» What is required: Without any pictures, retype exactly the lines from the one with "Super ocuvane" through the final line of the records.

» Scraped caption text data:
*** Block opens ***

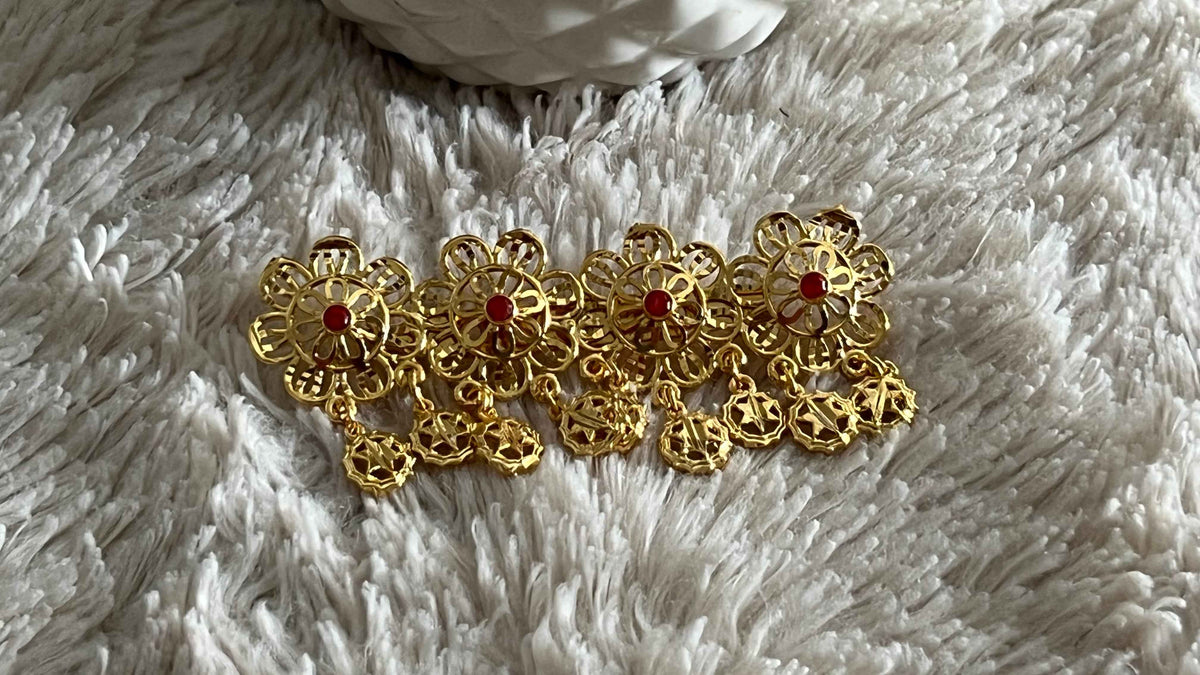 Broche 8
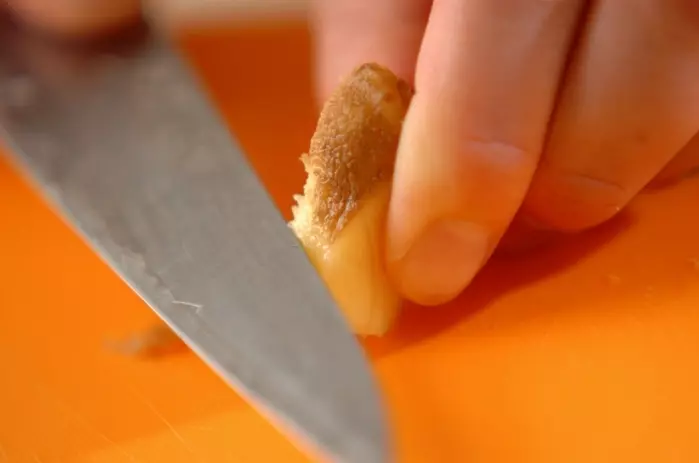 大根とニンジンの塩きんぴらの下準備1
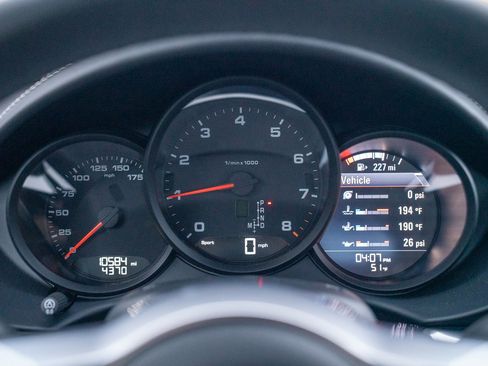 Used 2024 Porsche 718 Cayman image 15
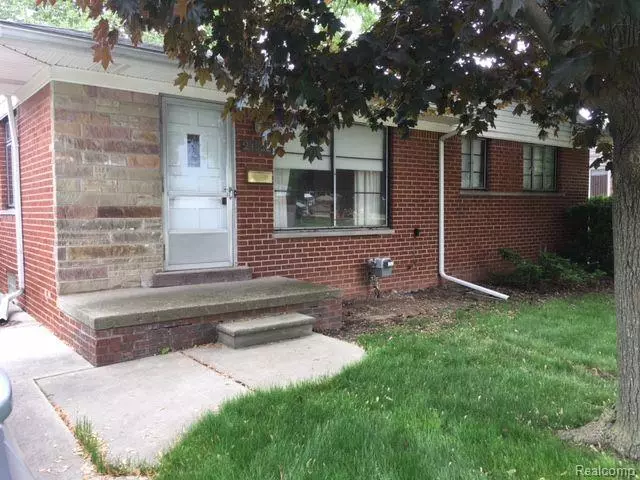 24522 COTTAGE Lane, Warren, MI 48089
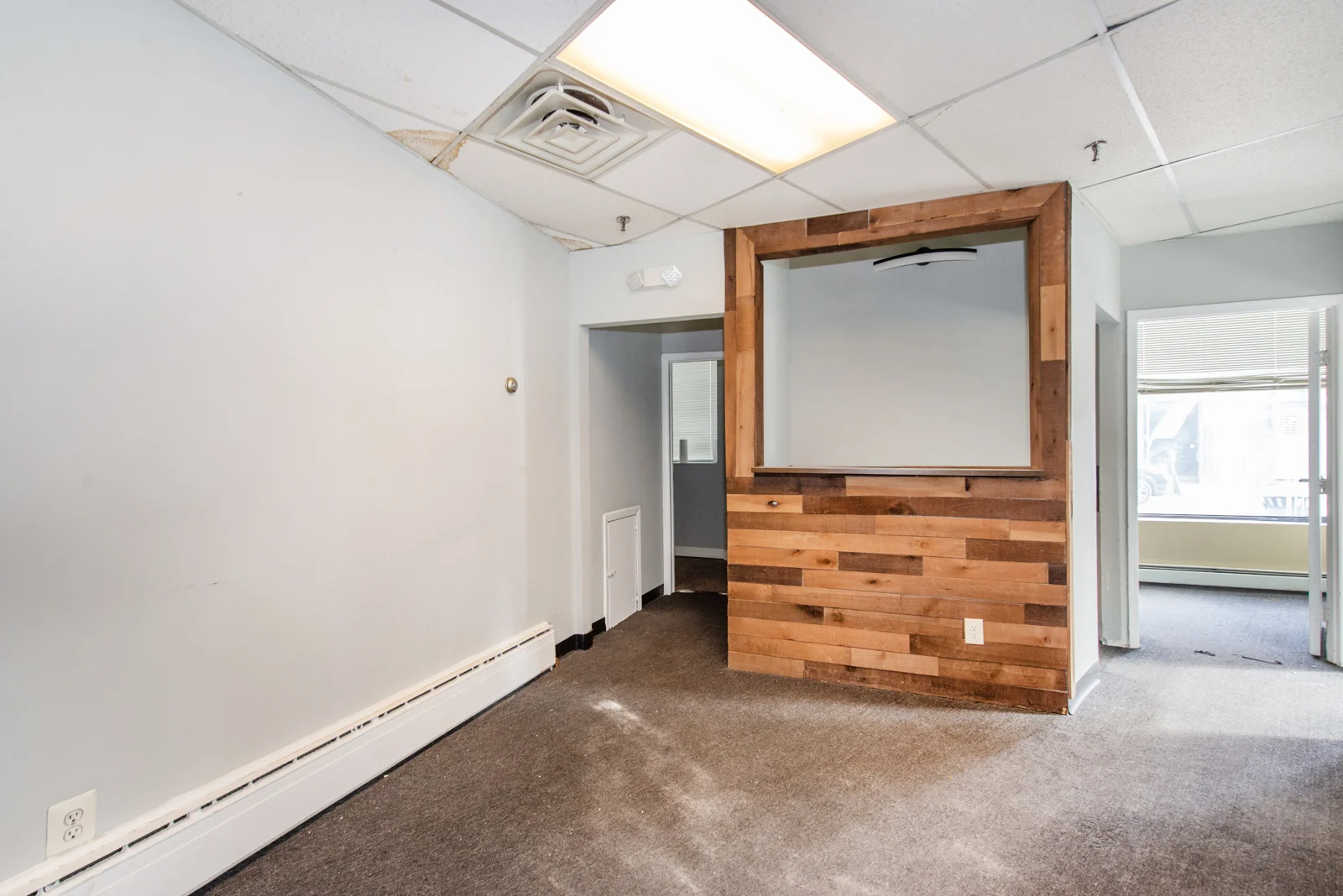 Retail in Jersey City, NJ — Lease in Jersey City, NJ, photo 4 of 8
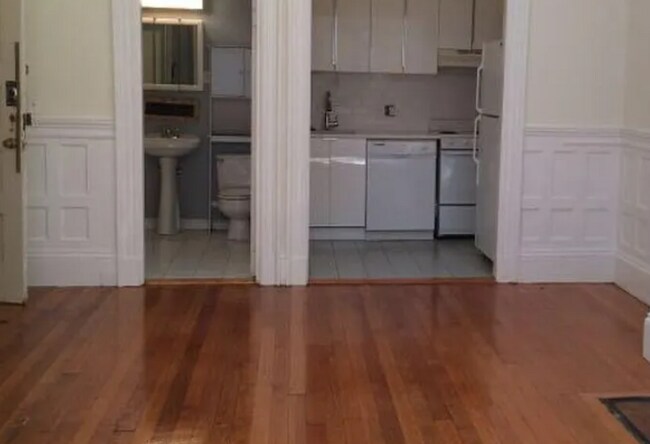 Building Photo - 12 Aberdeen St Unit 869B-4 Rental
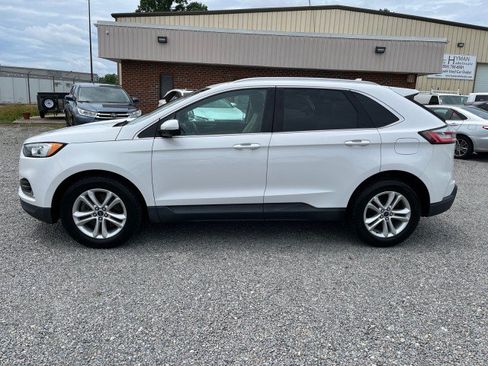 Used 2019 Ford Edge SEL w/ Equipment Group 201A AWD/4WD image 10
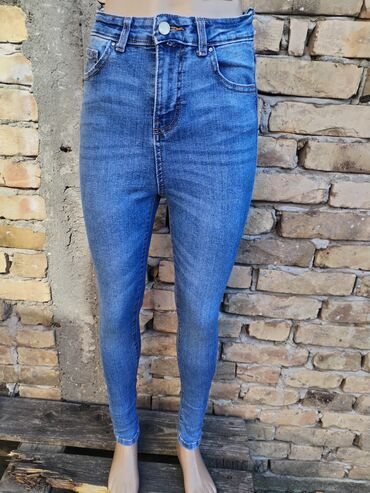 pantalone stradivarius: Farmerke vel S
Super ocuvane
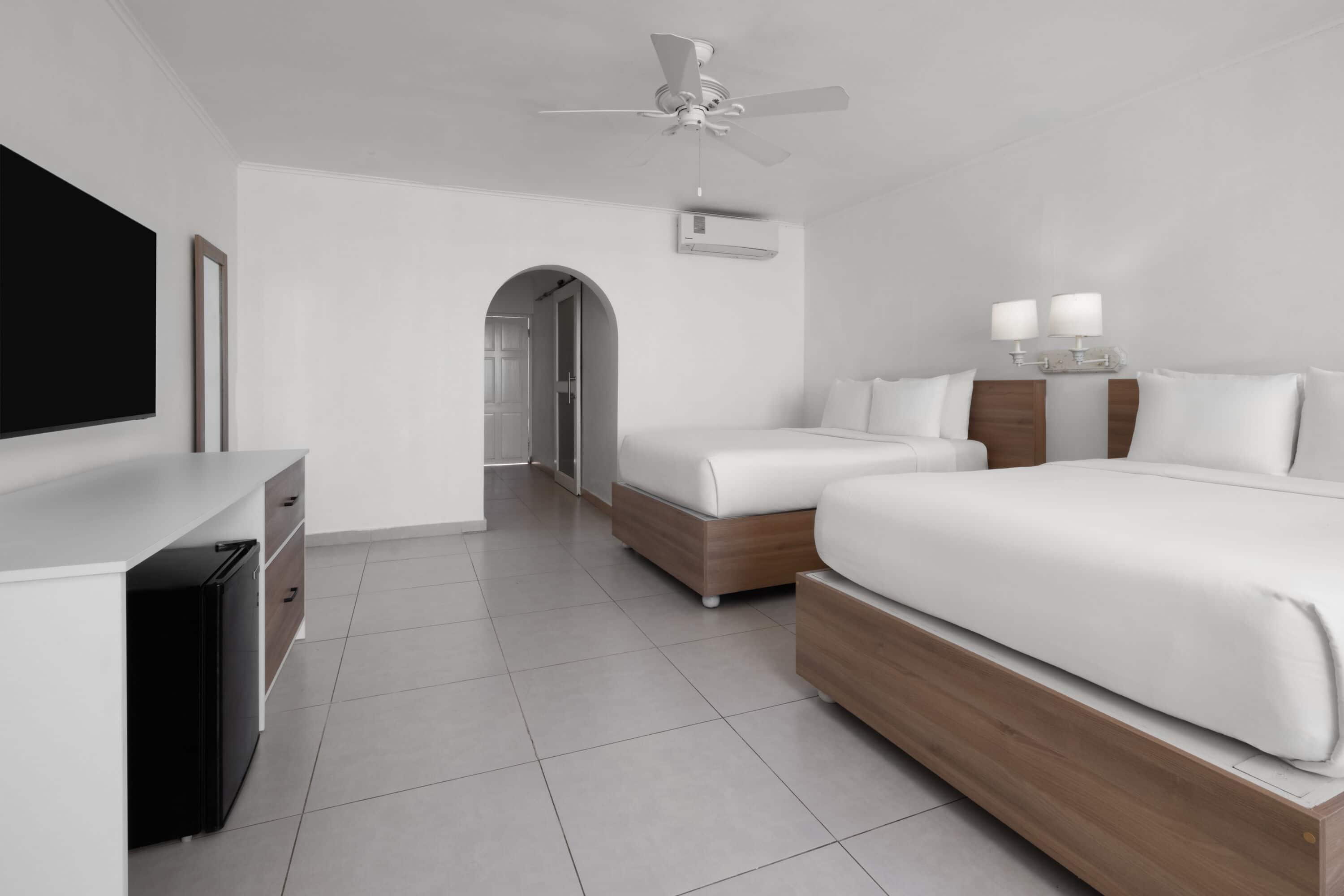Grand Decameron Montego Beach, A Trademark All Inc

*** Block closes ***

» Solution to this exercise:
Super ocuvane
Grand Decameron Montego Beach, A Trademark All Inc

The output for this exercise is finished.